Step Hyp Ref Expression
1 ssexg 
 |-  ( ( S C_ X /\ X e. V ) -> S e. _V )
2 1 expcom 
 |-  ( X e. V -> ( S C_ X -> S e. _V ) )
3 2 ralimdv 
 |-  ( X e. V -> ( A. k e. I S C_ X -> A. k e. I S e. _V ) )
4 3 imp 
 |-  ( ( X e. V /\ A. k e. I S C_ X ) -> A. k e. I S e. _V )
5 dfiin3g 
 |-  ( A. k e. I S e. _V -> |^|_ k e.
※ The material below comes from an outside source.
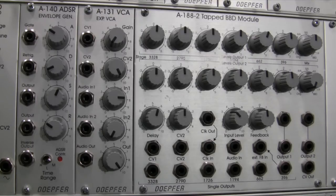That's the introduction and overview of the DOEPFER A188-2 tapped BBD module. I hope you found this useful, and I hope you join us in the upcoming segments where we'll be demonstrating the sound capabilities of this module. Thanks for watching.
I S = |^| ran ( k e. I |-> S ) )
6 4 5 syl 
 |-  ( ( X e. V /\ A. k e. I S C_ X ) -> |^|_ k e. I S = |^| ran ( k e. I |-> S ) )
7 6 ineq2d 
 |-  ( ( X e. V /\ A. k e. I S C_ X ) -> ( X i^i |^|_ k e. I S ) = ( X i^i |^| ran ( k e. I |-> S ) ) )
8 intun 
 |-  |^| ( { X } u. ran ( k e. I |-> S ) ) = ( |^| { X } i^i |^| ran ( k e. I |-> S ) )
9 intsng 
 |-  ( X e. V -> |^| { X } = X )
10 9 adantr 
 |-  ( ( X e. V /\ A. k e. I S C_ X ) -> |^| { X } = X )
11 10 ineq1d 
 |-  ( ( X e. V /\ A. k e. I S C_ X ) -> ( |^| { X } i^i |^| ran ( k e. I |-> S ) ) = ( X i^i |^| ran ( k e. I |-> S ) ) )
12 8 11 eqtrid 
 |-  ( ( X e. V /\ A. k e. I S C_ X ) -> |^| ( { X } u. ran ( k e. I |-> S ) ) = ( X i^i |^| ran ( k e. I |-> S ) ) )
13 7 12 eqtr4d 
 |-  ( ( X e. V /\ A. k e. I S C_ X ) -> ( X i^i |^|_ k e. I S ) = |^| ( { X } u. ran ( k e. I |-> S ) ) )